İkinci Dünya Savaşı'nın en acımasız günlerinde Donetsk'te, Stalingrad'da, Kursk'ta Almanlarla savaşan Kızıl Ordu saflarında Krasnaya Zvezda (Kızıl Yıldız) gazetesinin cephe muhabiri olarak görev yaptı, 1941-1945 arası Avrupa'nın doğusunda yaşanan büyük savaşın en yakın tanığı oldu.
Cephede bin günden uzun süre kalan Grossman, olağanüstü bir röportaj tekniğiyle kısa dinlenme sürelerinde siper gerisine çekilen askerlerle konuşuyordu; çünkü resmî açıklamaların tersine askerlerin akıllarındaki her şeyi açık seçik anlattıklarına inanıyordu. Bu yüzden gözlemlerinin keskinliği ve insancıl yaklaşımı, yazar ve tarihçiler için paha biçilmez bir değer taşıyor.


Kaybolan
Hans- Ulrich Treichel, Ayrıntı Yayınları

Polonyalı bir aile, II.Dünya Savaşı sırasında ilerleyen Rus ordusundan kaçarken ilk çocukları Arnold'u kaybeder. Kendi hayatlarını kurtarıp Almanya'ya yerleşseler de yitirdikleri oğulları akıllarından çıkaramazlar. Hayattaki tek amaçları sağ olduğunu düşündükleri oğullarını bulmaktır. Anne kendini tamamen bu işe adar... Baba bir yandan çocuğunu ararken, diğer yandan "Prusya Terbiyesi"ne uygun olarak işine vermiştir kendini. Böyle bir ev ortamında tuhaf bir suçluluk duygusuyla büyüyen, ailenin küçük oğlu ise varlığının ailesi için ne anlama geldiğini kestiremez; kayıp ağabeyine öfkeli, anne ve babasına kırgındır. Bu çocuk açısından asıl felaket, ailenin Arnold olduğunu düşündüğü bir çocuğun ortaya çıkmasıyla başlar.

Zamanın Efendisi
Maxime Chattam, Doğan Kitap

Uluslararası Paris Fuarı’nın açılışı yapılmak üzeredir. Yazar Guy de Timée, yeni arayışlar içindeyken rahat bir yaşamın yaratıcılığına köstek vurduğunu, daha gerçekçi yazabilmesi için lüks hayatını terk etmesi gerektiğini düşünür. Bir sabah, karısını ve kızını bırakıp gider. Önceleri bir otelde kalır ve sefih bir hayatın içine dalarak bir randevuevine gidip gelmeye başlar. Bir süre sonra, bu randevuevinde yaşamaya başlar.
Bir gece, randevuevinde çalışan kızlardan biri öldürülmüş halde bulunur. Polisi bir fahişenin öldürülmesine pek aldırmaz ve olayın peşini bırakır. Guy, randevuevinde çalışan genç ve güzel Faustine ve Müfettis Perotti’le birlikte olayı araştırmaya başlar. Ekibin araştırmaları, aynı şekilde öldürülen başka fahişeler olduğunu da gösterir. Bütün cinayetlerin fuar alanında işlendiği, fuarın imajı bozulmasın diye cinayetlerin örtbas edildiği anlaşılır. Cinayetlerin işleniş biçimleri ise, Şeytan’a tapan bir grubun varlığını akıllara getirmektedir.

***

KİTAP DÜNYASI…

Türk edebiyatına Sessiz Ev, Beyaz Kale, Kar, Benim Adım Kırmızı, Cevdet Bey ve Oğulları, Kara Kitap gibi önemli başyapıtlar kazandıran, 2006 yılında Nobel Edebiyat Ödülü alan Orhan Pamuk, Yapı Kredi Yayınları’na geri döndü.

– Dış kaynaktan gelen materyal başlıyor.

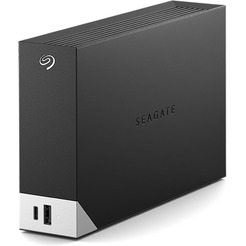 Внешний накопитель Seagate One Touch Desktop Hub STLC12000400 12TB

Ünlü yönetmen Spielberg, John Steinbeck‘in klasikleşen eseri ‘Gazap Üzümleri’ni beyaz perdeye taşıyor.

Amerikalı bilimkurgu yazarı Arthur C. Clarke‘ın ölümünden önce alınan saç örneği NASA’nın yapacağı ilk güneş yelkeni yolculuğunda uzayın derinliklerine taşınacak.